Climate change report warns oceans warming and rising faster, putting lives at risk
Monaco — A United Nations-backed report on climate change released Wednesday is raising even more alarm about the world's warming climate. More than 100 scientists spent the last three years looking at the impact of climate change on the Earth's oceans and the ice locked around the North and South Poles and in mountain areas.
CBS News correspondent Mark Phillips says the broad conclusion is that, basically, these vital stores of water on our planet can't take it any more, and the consequences for humanity are severe.
Until now, much of the Earth's warming has been absorbed by its oceans. But according to this report by the U.N.'s Intergovernmental Panel on Climate Change, tipping points are being reached where some of the more severe consequences of climate change can no longer be avoided.
Ice in Greenland and Antarctica, and in mountain glaciers around the world is continuing to melt at accelerating rates. The resulting sea level rise around the world already threatens coastal populations. In the worst case predictions, as many as a billion people could be affected.
As the world's oceans get deeper, they are also getting warmer, and warmer water means bigger, more violent storms reaching land masses.
The report says satellite data show "marine heatwaves (periods of extremely high ocean surface temperatures) have very likely doubled in frequency from 1982 to 2016 and that they have also become longer-lasting, more intense and more extensive."
And our fingerprints are all over that change, according to the scientists, who said "between 84% and 90% of marine heatwaves that occurred between 2006 and 2015 can be attributed to anthropogenic (human-caused) warming."
It may sound like a doomsday scenario, but one of the authors of the report, Arizona climate scientist Ted Schuur, told CBS News the signs are already clear to see in the form of disasters, including major flooding events around the world.
"We are looking at the time that those events that happen once in a 100 years, happen once a year, and you can relate to something like that," he told Phillips.
"Extreme sea level events, such as surges from tropical cyclones, that are currently historically rare (for example today's hundred-year event) will become common by 2100 under all emissions scenarios due to increasing global mean sea level rise," the report states. 2Under all future emissions scenarios, many low-lying megacities and small islands at almost all latitudes will experience such events annually by 2050."
Or as Schuur put it in plain terms: "Imagine you have a story that your grandfather told you, about the town flooding, but it was back 80 years ago. Well, imagine that happening every year."

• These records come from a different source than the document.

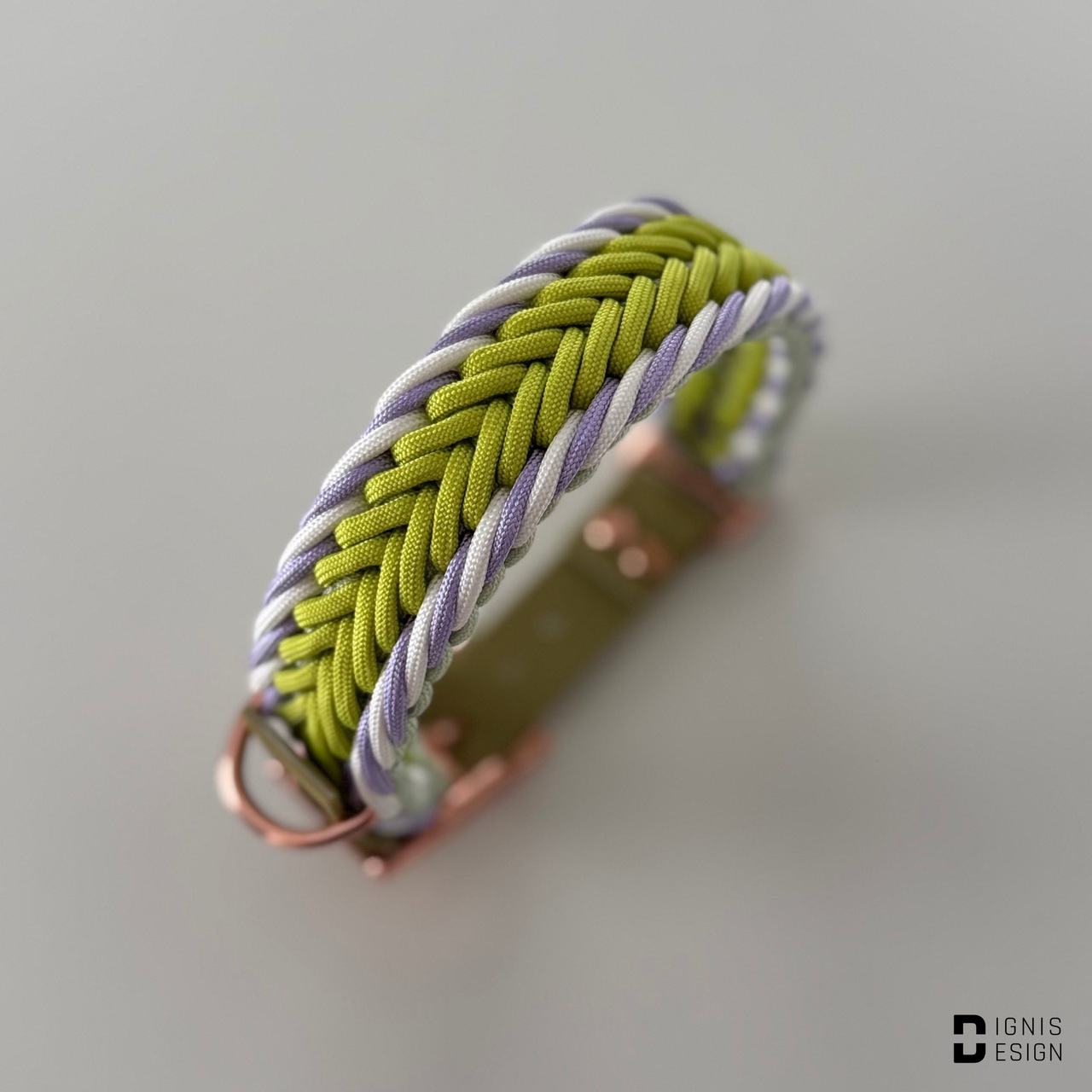 obroża z paracordu - freshness; paracord; obroża pleciona; dignis design; akcesoria dla psów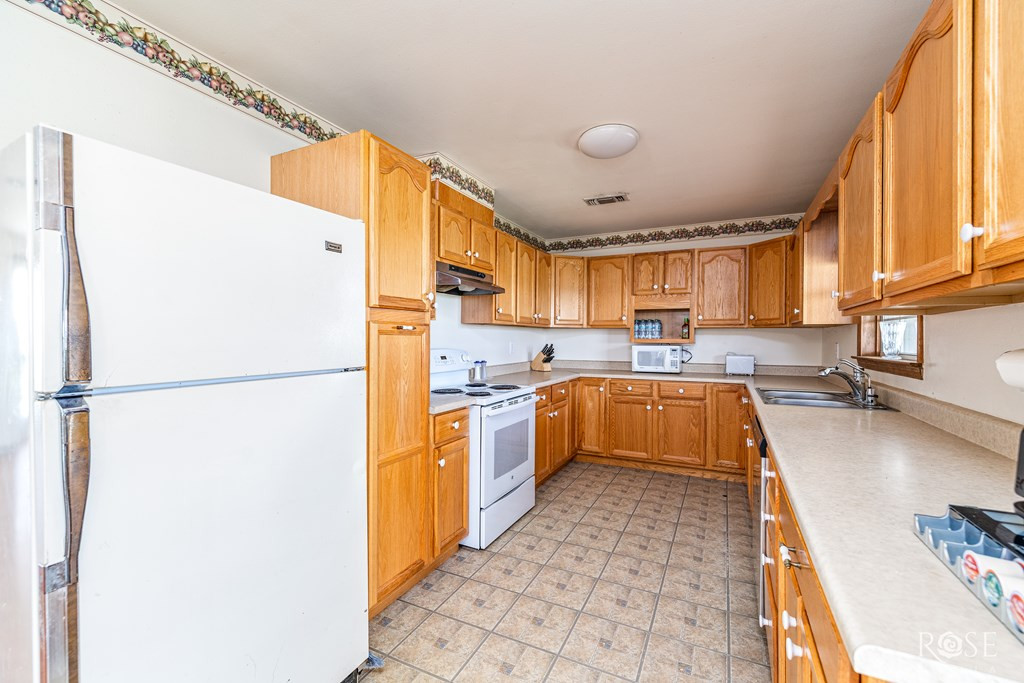 10934 Glass Road Property Photo 10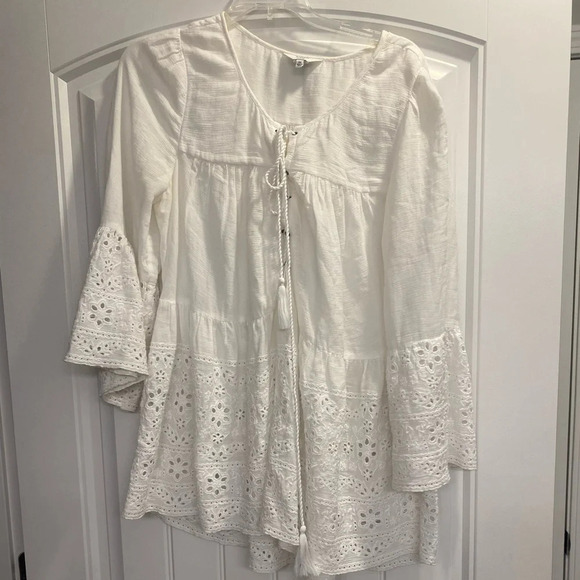 crown & ivy Tops - Women's Crown & Ivy White Eyelet Boho Peasant boho Tunic Tie Neck Plus Size 0X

The report lists a cascade of potential negative effects, from more severe storms to droughts and declining fish stocks.
And the more we continue to pump carbon dioxide into the atmosphere, the more catastrophic those effects may be. The authors of the report say humanity is in a race between the speed of climate change, and our capacity to react to it, and we're losing.
It's no longer a question of if or when the consequences will hit us, the report warns, but how bad they will be.